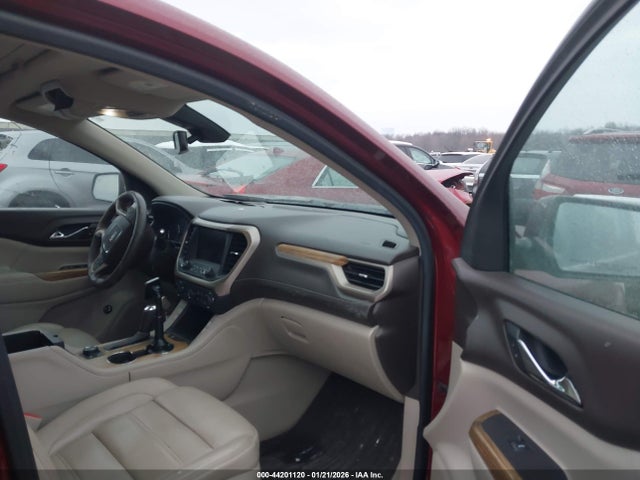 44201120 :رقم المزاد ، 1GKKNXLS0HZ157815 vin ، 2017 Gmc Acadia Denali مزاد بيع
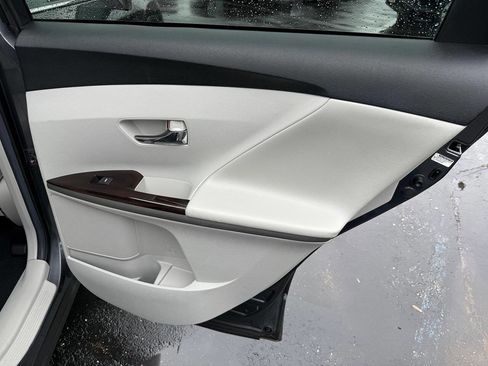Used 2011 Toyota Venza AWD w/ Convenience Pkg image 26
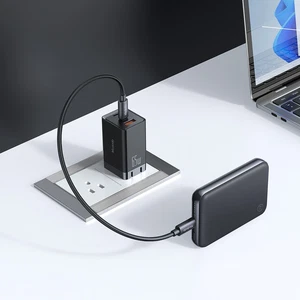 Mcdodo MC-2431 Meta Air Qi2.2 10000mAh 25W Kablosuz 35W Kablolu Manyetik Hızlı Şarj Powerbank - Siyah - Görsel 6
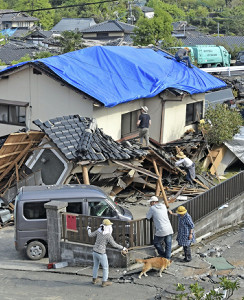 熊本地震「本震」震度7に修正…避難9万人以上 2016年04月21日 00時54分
--
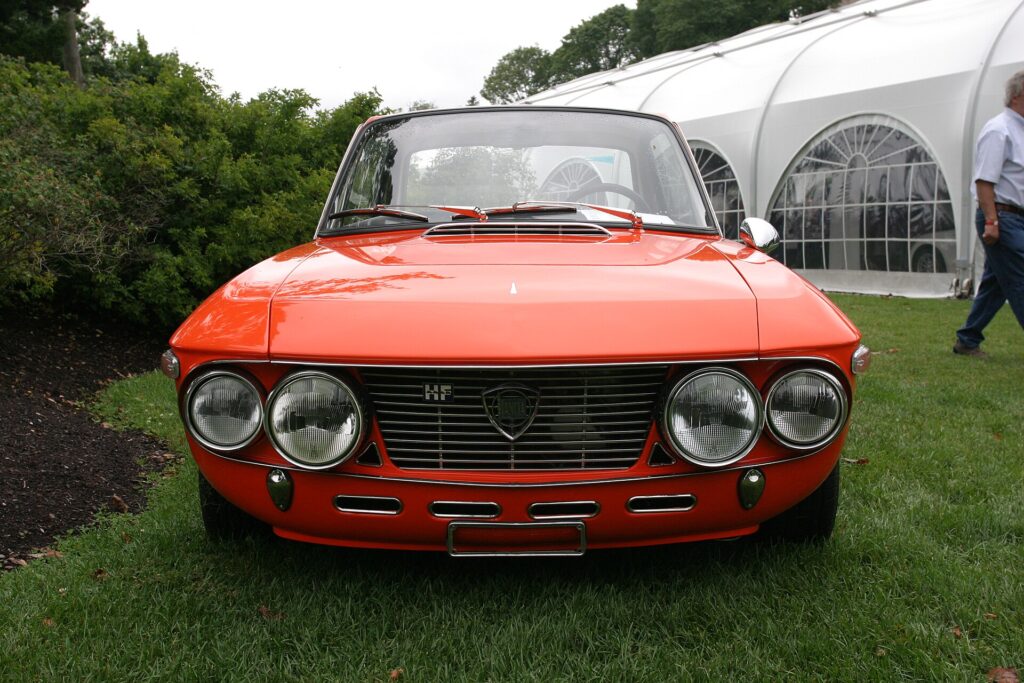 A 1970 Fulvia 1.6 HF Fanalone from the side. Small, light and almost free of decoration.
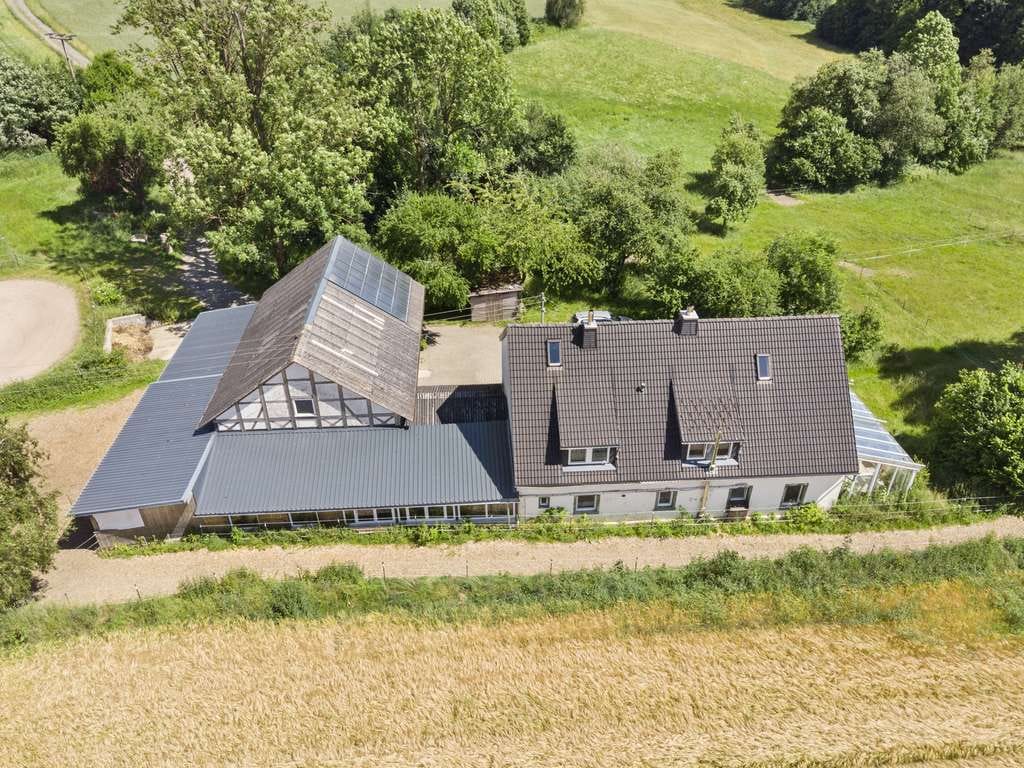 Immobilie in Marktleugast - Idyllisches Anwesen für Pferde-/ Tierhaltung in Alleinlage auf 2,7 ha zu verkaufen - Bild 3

AIM OF THE TASK ->
Of all the material above, only the lines from the one that has "A 1970 Fulvia" down to the one that has "Immobilie in Marktleugast" are to be written out, exactly and with both ends included. Pictures are skipped.

RESULT ->
 A 1970 Fulvia 1.6 HF Fanalone from the side. Small, light and almost free of decoration.
 Immobilie in Marktleugast - Idyllisches Anwesen für Pferde-/ Tierhaltung in Alleinlage auf 2,7 ha zu verkaufen - Bild 3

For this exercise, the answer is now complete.